Three weeks on the float.
The Diggory was crippled, drifting in the dark between two stars. The failed attempt to evade the Mercurial had seen their rift drive take a direct hit from their new enemy's rail gun. The round had shredded the drive irreparably, a wide gash in the ship's starboard hull, exposing the drive and much of the lower crew quarters and all of engineering to the void.
This left them somewhere between outer Sovereignty space and the Vass system of Ak Avo, though the navigation computer could not triangulate their exact location.
Things weren't all bad. Saul had managed to regain control of his sullen crew in the absence of Dupahl nor anything remotely eventful. As far as everyone was concerned, they were quite literally in the same boat.
Belcia still wasn't talking to him, and Saul hadn't expected much else from her. As far as he knew, in his bones, he had earned her distrust. Lisa, his victim, turned hostage turned medical patient, had glued herself to Belcia, showing little interest in mingling with the rest of her ill-begotten crewmates.
Tidus did speak to him, though keeping his words short, strictly restricting their interactions to the repair of the Diggory, as well as the detainment of Dupahl's cronies that were now packed into a makeshift brig taking up half of the mess hall.

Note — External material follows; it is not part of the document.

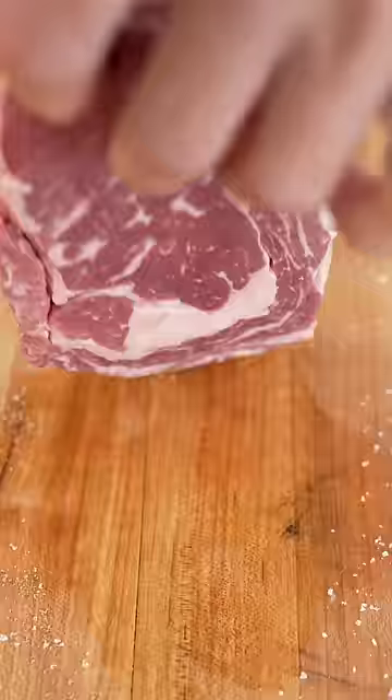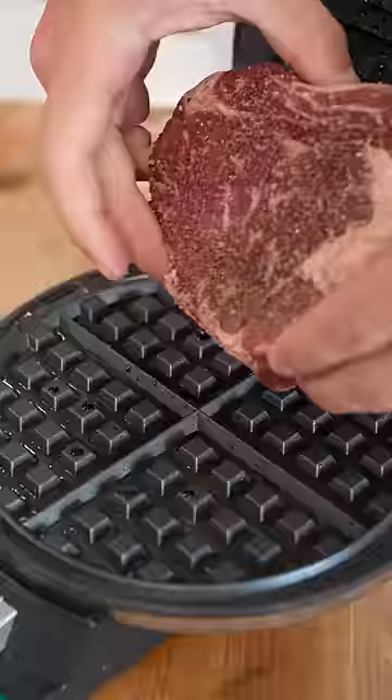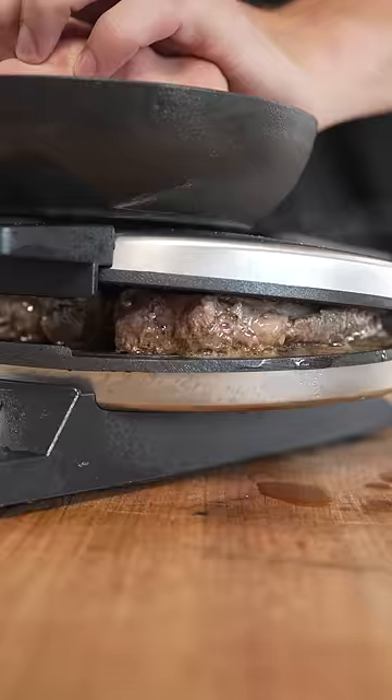Let's cook a steak in a waffle maker. We'll start by seasoning our steak all over with salt and pepper, and once our waffle iron's hot, we'll add some oil and it's time to cook. Make sure you press down that steak as much as possible.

Aiden came around to Saul's cabin every now and then, being one of the few places spared from the damage of the blast, to play a few hands of cards. They talked, sure, but mainly Saul kept him around to keep his mind off of everything else.
Between Aiden and Marge the cow, who Saul had to put into a medically induced coma to survive the lack of gravity, Saul didn't seem to have many friends.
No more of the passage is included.